#### Work task
The reply should contain all the data below, repeated exactly, and none of the images.

#### Data block
______

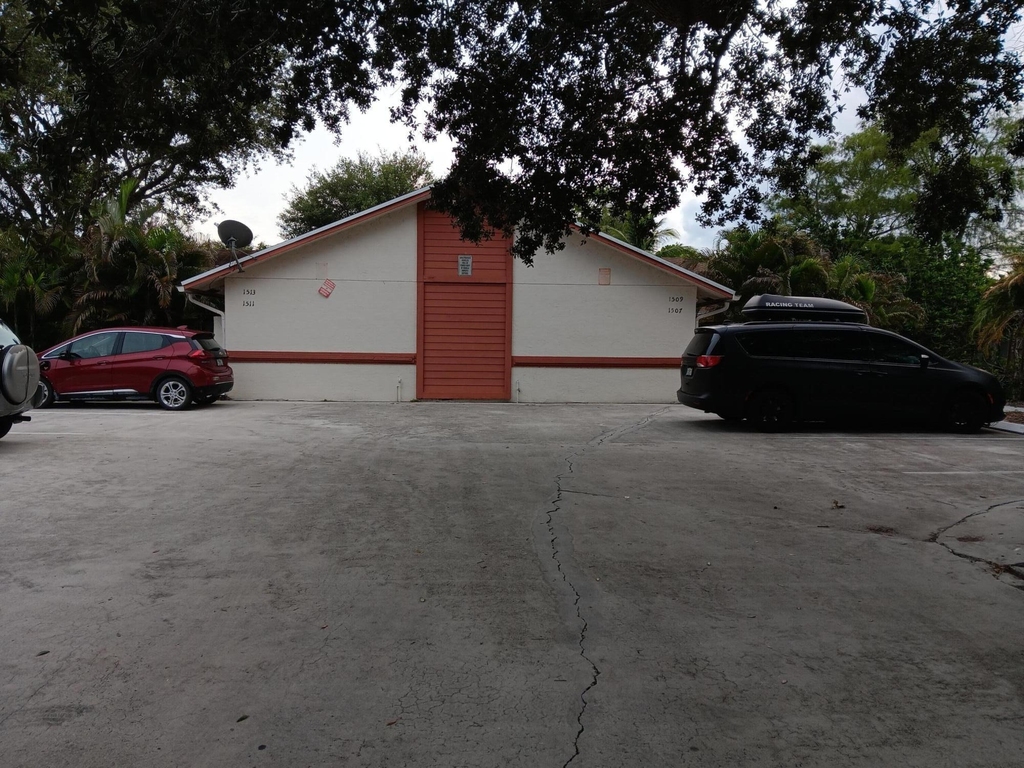 1511 Hawthorne Place - Photo 5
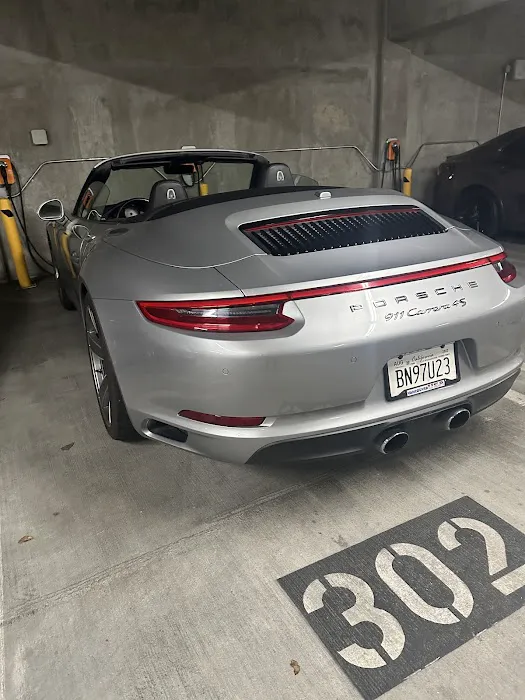 Rent Auto House Picture 2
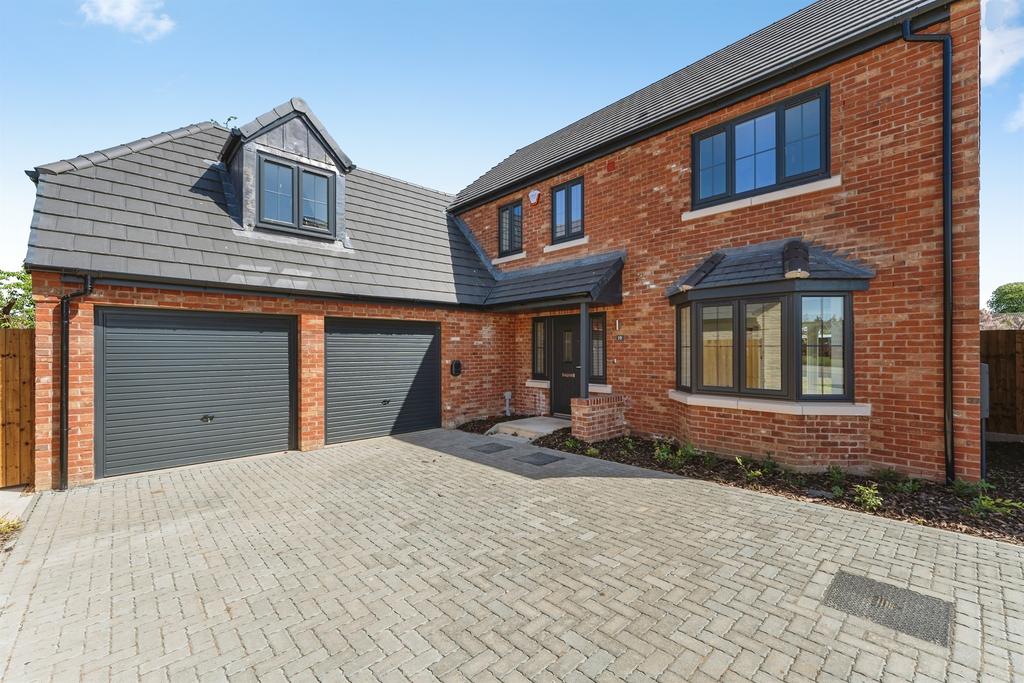 4 bedroom detached house for sale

______

#### Problem solution
 1511 Hawthorne Place - Photo 5
 Rent Auto House Picture 2
 4 bedroom detached house for sale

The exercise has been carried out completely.